4歲的孩子如果還有記憶的話,應該僅能記得朝堂之上來來去去的人影。
這些凌亂的人影中,有一個人叫文天祥(1236—1283)。不知道趙顯能不能記起來,但文天祥記住了這個小皇帝的面容,數年後,他們在元大都(今北京)重見,文天祥一抬眼就趕緊説:“聖駕請回。”
當南宋朝廷的精明人四散而去、自求保命的時候,地方官員文天祥卻反向而行,組織起勤王義軍,保衞江山,保衞臨安,成為那個時代最著名的逆行者。
最悲涼之時,臨安城內的大宋皇宮,幾乎無人來朝,只有文天祥和五六個官員,還伺立在太皇太后謝道清和小皇帝趙顯的身邊。
隨着蒙古鐵騎兵臨城下,臨安城的淪陷已成定局。謝太后任命文天祥為右丞相兼樞密使,出使蒙古軍營談判。文天祥大義凜然,並不示弱,而是跟元軍統帥伯顏爭辯起來。伯顏一怒之下,將文天祥扣押下來。
大約10天后,1276年,農曆二月初五,南宋朝廷向元軍投降,趙顯宣佈退位。
又20多天後,元世祖下詔,要伯顏押送南宋君臣北上覲見。
當6歲的趙顯和他的母親全氏以及少數侍從,離開臨安一路北上前往元大都的時候,南宋的流亡政權還在南方繼續抗元。趙顯的哥哥趙昰、弟弟趙昺先後被立為帝,象徵着南宋血脈未亡,也成為一些忠臣烈士持續戰鬥的理由。從元軍大營中逃跑出來的文天祥,成為南方抗元的一面旗幟,直到1278年年底,在廣東海豐一帶被元朝將領張弘範俘獲。
1279年,宋元最後一戰,也就是崖山海戰爆發之時,文天祥正被執押在元軍的舟中。
在文天祥被押解北上的途中,到處貼滿了漢族儒生寫給他的“生祭文”,大家都擔心他們心目中的文丞相,到了北方以後會招架不住蒙古人的威逼利誘,所以想通過寫“生祭文”來敦促他自殺。由於一直被關在船上,文天祥並不知道外部發生的這一切,但他此後的表現,顯然沒有令儒生們失望。

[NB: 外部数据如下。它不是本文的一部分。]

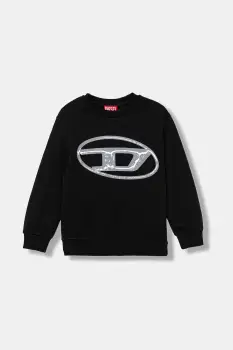 Diesel hanorac de bumbac pentru copii SBONNIE OVER SWEAT-SHIRT culoarea negru, cu imprimeu, J02488 imagine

在元大都,宋恭帝趙顯和文天祥的命運,又交織在了一起。
元世祖忽必烈曾讓趙顯去勸降文天祥。被關在土牢裏的文天祥,一見到趙顯就伏地痛哭,只説“聖駕請回”“聖駕請回”。9歲的趙顯看到這陣勢,也跟着哭起來,來之前大人教的話全都忘光了。
當年被元軍送往大都後,忽必烈封趙顯為瀛國公。元朝表面上對投降的南宋君臣禮遇有加,但實際上對趙顯等人的猜忌、監視和羞辱從未間斷。根據元朝文人陶宗儀的記載,當時跟隨趙顯、全氏母子北上的宋宮人,為保全貞節不被羞辱,在寓所內自縊身亡,忽必烈知道後,下令將宋宮人的首級懸掛在全太后的寓所前,藉機羞辱全太后。
1282年,年底,元大都周邊叛亂和謠言四起。先是傳言真定路中山府(今河北定州市)有人擁兵千人,欲潛入大都營救趙顯和文天祥。接着,大都城內發現匿名文書,聲稱某日以焚燒葦草為號,率兵入城為亂,“文丞相可以無憂矣”。
在這種草木皆兵的情勢下,忽必烈聽從了朝中殺文天祥的呼聲,在最後見了文天祥一面後,於1283年1月下令殺死了南宋最後的傲骨。一些史學家從朝代精神的維度説,文天祥死後,宋朝真的是亡了。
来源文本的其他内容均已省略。